WHAT THE EXERCISE ASKS: Everything from the line that contains "Photograph of the" through the last line below should be transcribed exactly, except the pictures.

SUPPLIED DATA:
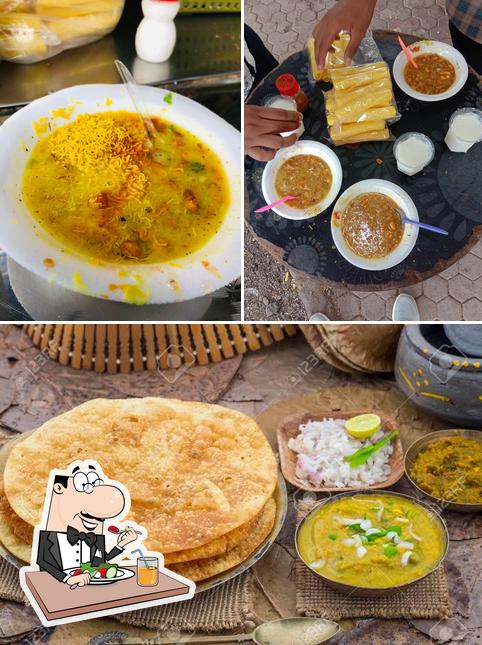 Food at Ashish Bhai "Dal Pakwan"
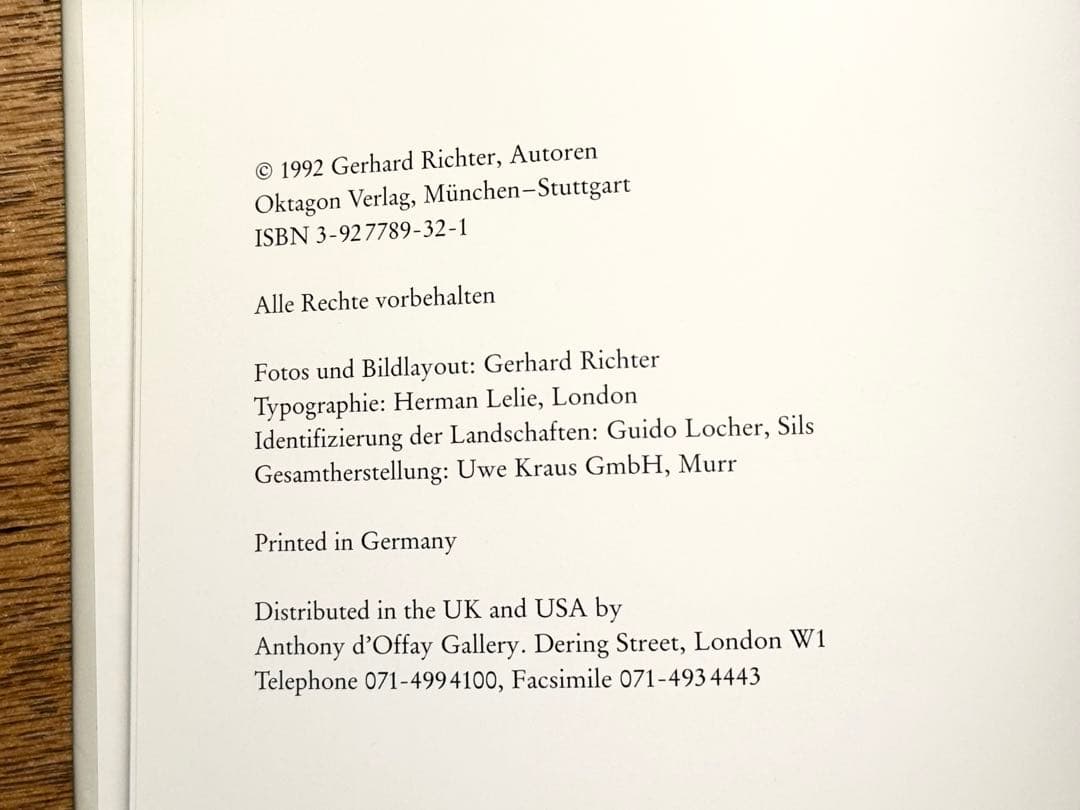 Gerhard Richter Sils 直筆サイン本 - メルカリ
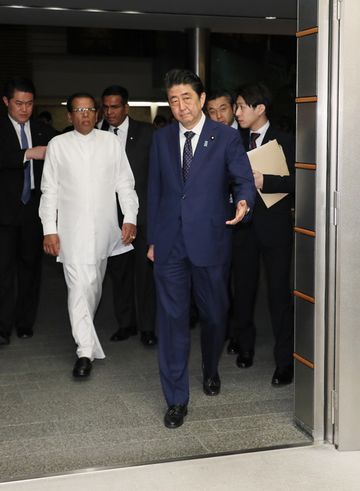 Photograph of the leaders heading to the signing ceremony and joint press announcement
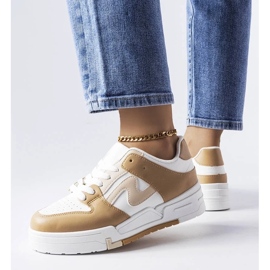 D/GMR Cizme maro cu talpa mai groasa de la Harter 2 D/GMR Cizme maro cu talpa mai groasa de la Harter 2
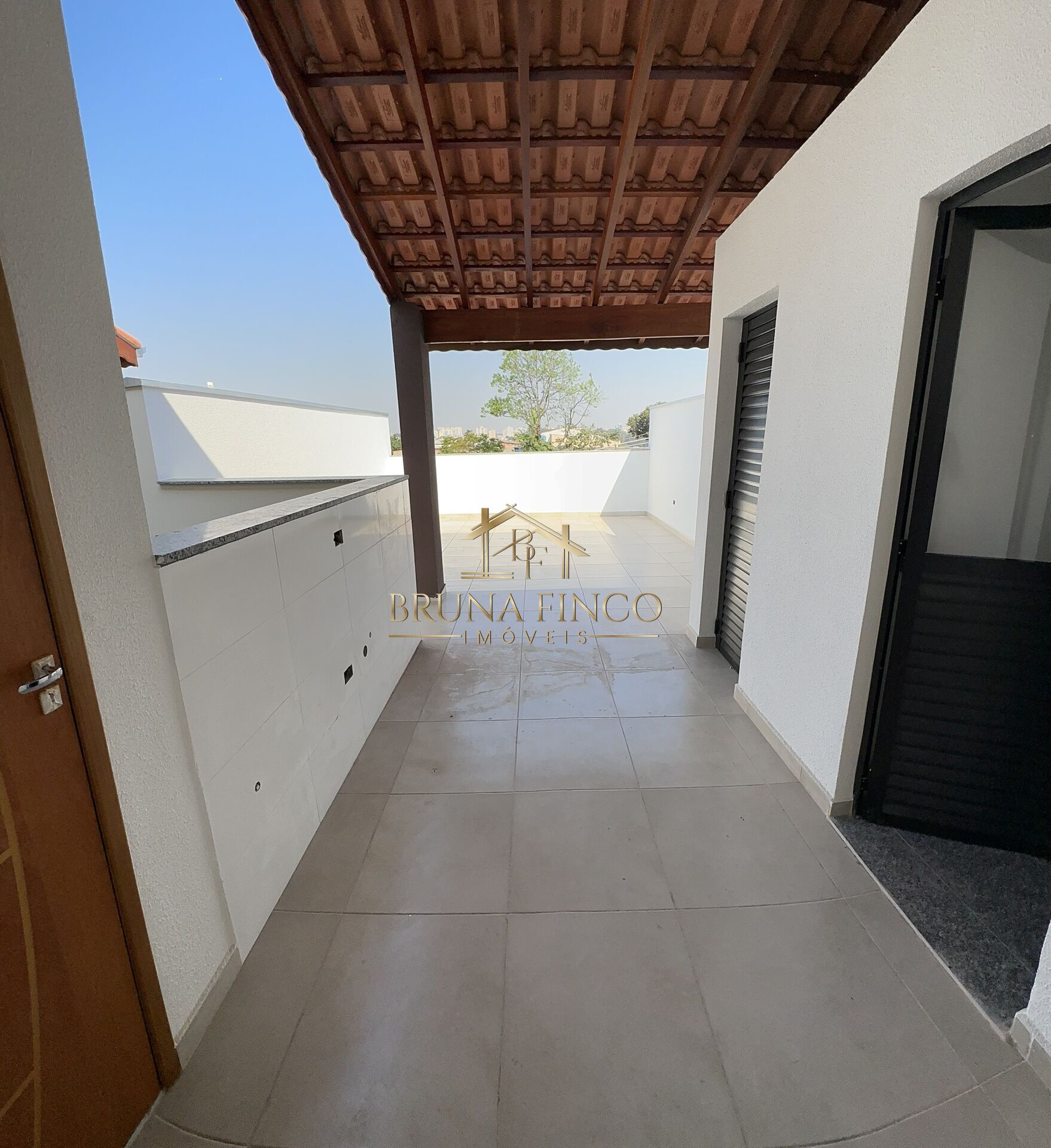 Cobertura à venda com 2 quartos, 80m² - Foto 4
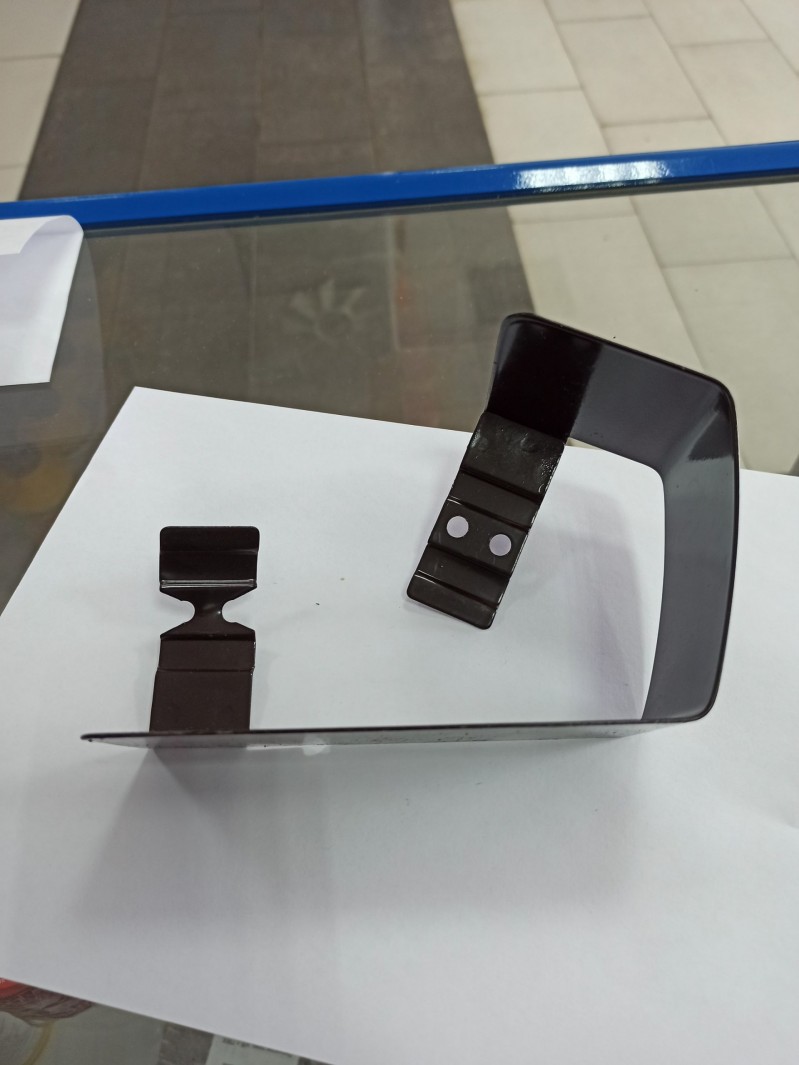 Кожух правый переднего фонаря — 1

RESPONSE FOR THIS EXERCISE:
 Photograph of the leaders heading to the signing ceremony and joint press announcement
 D/GMR Cizme maro cu talpa mai groasa de la Harter 2 D/GMR Cizme maro cu talpa mai groasa de la Harter 2
 Cobertura à venda com 2 quartos, 80m² - Foto 4
 Кожух правый переднего фонаря — 1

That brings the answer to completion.